A articulação do presidente com o centrão é vista como uma forma do presidente Bolsonaro se blindar no Congresso, caso as acusações feitas pelo ex-ministro Sergio Moro sobre uma suposta interferência do presidente na Polícia Federal, resultem em um eventual processo de impeachment.
Vale lembrar que, formado por cerca de 200 dos 513 deputados da Câmara, o centrão buscou minar os projetos de Sergio Moro enquanto este assumia o comando do Ministério da Justiça, tendo em vista que o ex-juiz foi responsável por diversas operações que levaram siglas do centrão a julgamento no âmbito da Operação Lava Jato.
O presidente da Câmara dos Deputados, Rodrigo Maia (DEM-RJ), por sua vez, afirmou na última terça-feira (28) que o diálogo de Bolsonaro com integrantes do centrão pode resultar na formação de uma "base do governo" na Câmara.
"No parlamento é natural que haja base [do governo], oposição e independentes. Não muda nada a minha relação com o governo, com nenhum partido, continua a mesma. Só que agora, de fato, uma parte, de forma objetiva, pode ser parte de uma base do governo", disse Maia.

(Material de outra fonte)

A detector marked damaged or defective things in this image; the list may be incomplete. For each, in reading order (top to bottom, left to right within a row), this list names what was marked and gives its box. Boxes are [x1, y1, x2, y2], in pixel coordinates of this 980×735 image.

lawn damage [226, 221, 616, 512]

Base sólida sustenta o governo?
O especialista em Ciência Política e professor do Instituto Mauá de Tecnologia, Rodrigo Fernando Gallo, disse à Sputnik Brasil que a aproximação de Bolsonaro com o centrão deve levar em consideração que o discurso criado até aqui pelo presidente é de "forte oposição àquilo que ele mesmo tem chamado de política tradicional ou velha política".

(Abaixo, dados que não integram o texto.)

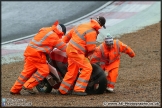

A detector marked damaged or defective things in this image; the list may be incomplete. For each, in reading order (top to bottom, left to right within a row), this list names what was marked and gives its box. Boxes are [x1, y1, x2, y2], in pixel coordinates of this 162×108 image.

crashed bike [35, 48, 107, 94]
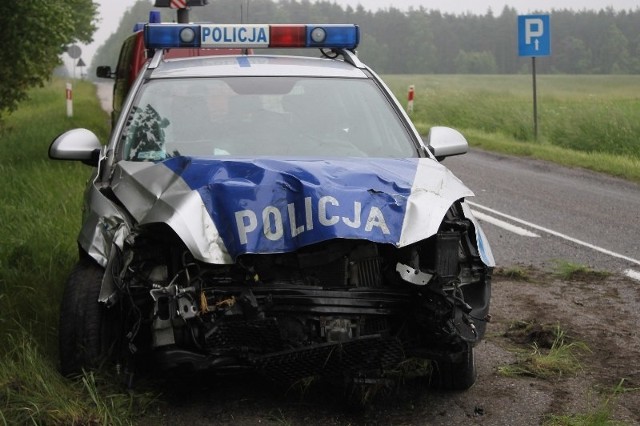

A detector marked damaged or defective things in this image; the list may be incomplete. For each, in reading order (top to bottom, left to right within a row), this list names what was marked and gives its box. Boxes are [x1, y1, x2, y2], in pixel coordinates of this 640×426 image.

damaged police car [51, 23, 496, 390]
crumpled hood [112, 156, 478, 262]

"Para não se indispor com sua base eleitoral, que o elegeu com essa ideia de combate à velha política, Bolsonaro precisa mostrar que os acordos com os partidos do centro talvez sejam essenciais para que ele não perca a governabilidade. Do contrário, essa aproximação pode ruir sua base, que já sofreu um abalo parcial com a saída de Sérgio Moro do governo", avaliou Rodrigo Gallo.
De acordo com ele, a aproximação tem uma importância fundamental, porque apesar de ter um eleitorado fiel que corresponde a um terço dos eleitores, o processo de impeachment no Brasil tem base legislativa.
"Isso significa que se o presidente não contar com o apoio da maioria dos parlamentares, além de ter dificuldades para governar ele também pode ser alvo de um processo de impedimento - mesmo contando com alguma base popular", destacou.
"A base popular é importante. Como impeachment é processo legislativo, os parlamentares certamente vão olhar para as pesquisas de opinião pública para saber o tamanho do eleitorado que rejeita o processo - porque esses deputados e senadores vão ter que pedir votos num futuro próximo. Então ter uma base estável pode ajudar a afastar o processo de impeachment", completou o especialista.